Complete step by step solution:
To find the bond angle, you should know about the hybridisation of the molecule to find its geometry. Hybridisation can be defined as the bonding of the hybrid orbitals having similar energy which are formed from the atomic orbitals of each atom with different energy. The requirement for finding the hybridisation, you should know about the valence shell electron of the atom for bonding.

In \[S{F_6}\]​, S-atom belongs to the group-16 having 6 electrons in the valence shell requires 2 electrons to fulfil octet and the F-atom requires only one electron to fulfil octet as it belongs to group 17. There are 6 F-atoms which are bonded with one S-atom because the S-atom has a vacant d-orbital to extend. The hybridization of the molecule is \[s{p^3}{d^2}\] and has octahedral geometry. The bond angle of the octahedral geometry is \[9{0^o}\].

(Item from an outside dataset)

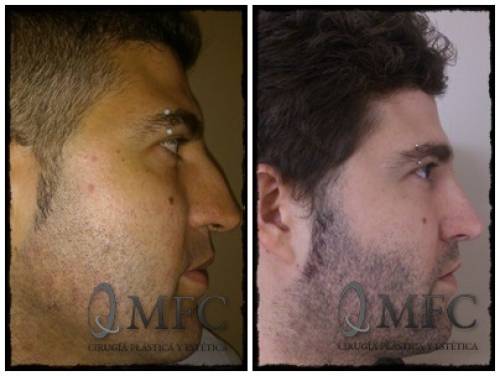 Rinoplastia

In\[CC{l_{4}}\]​, C-atom belongs to the group-14 having 4 electron in the valence shell requires 4 electron to fulfil octet and the Cl-atom requires only one electron to fulfil octet as it belongs to group 17. There are 4 Cl-atoms which are bonded with one C-atom and the hybridization of the molecule is \[s{p^3}\] and have tetrahedral geometry. The bond angle of the octahedral geometry is \[10{9^o}\].

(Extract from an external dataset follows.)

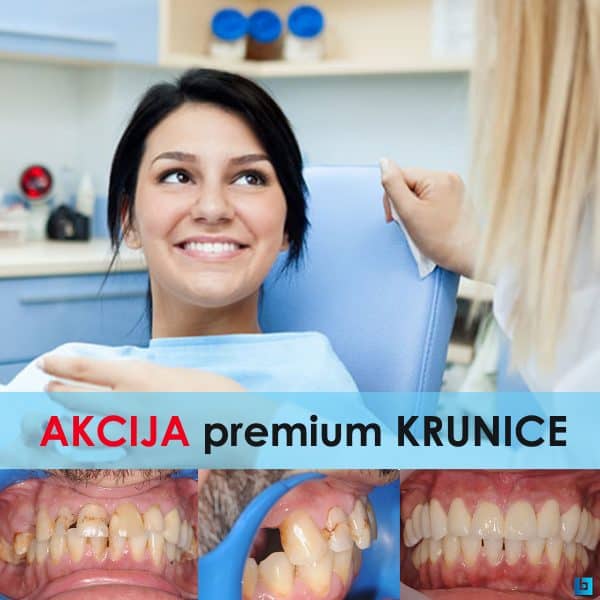 estetska-stomatologija-oralno-zdravlje-zubi-estetska-stomatologija-karijes-oralna-higijena-zubi-stomatološka-poliklinika-breyer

In \[BC{l_3}\]​, B-atom belongs to the group-13 having 3 electrons and forming the bond with 3 Cl-atoms by sharing one electron with each. There are 3 Cl-atoms which are bonded with one B-atom and the hybridization of the molecule is \[s{p^2}\] and have Trigonal planar geometry. The bond angle of the Trigonal planar geometry is \[12{0^o}\].

In \[BeC{l_2}\]​, Be-atom belongs to the group-2 having 2 electrons in the valence shell and forming the bond with 2 Cl-atoms by sharing one electron with each. There are 2 Cl-atoms which are bonded with one Be-atom and the hybridization of the molecule is sp and has linear geometry. The bond angle of the linear geometry is \[18{0^{o\;}}\].

The correct order for the increasing bond angle is \[S{F_6} < CC{l_4} < BC{l_3} < BeC{l_2}\].

Correct answer is option A.

Note: Geometry may be defined as the structure which includes all bond pairs, lone pairs whereas shape may be defined as the structure which only includes the bond pair.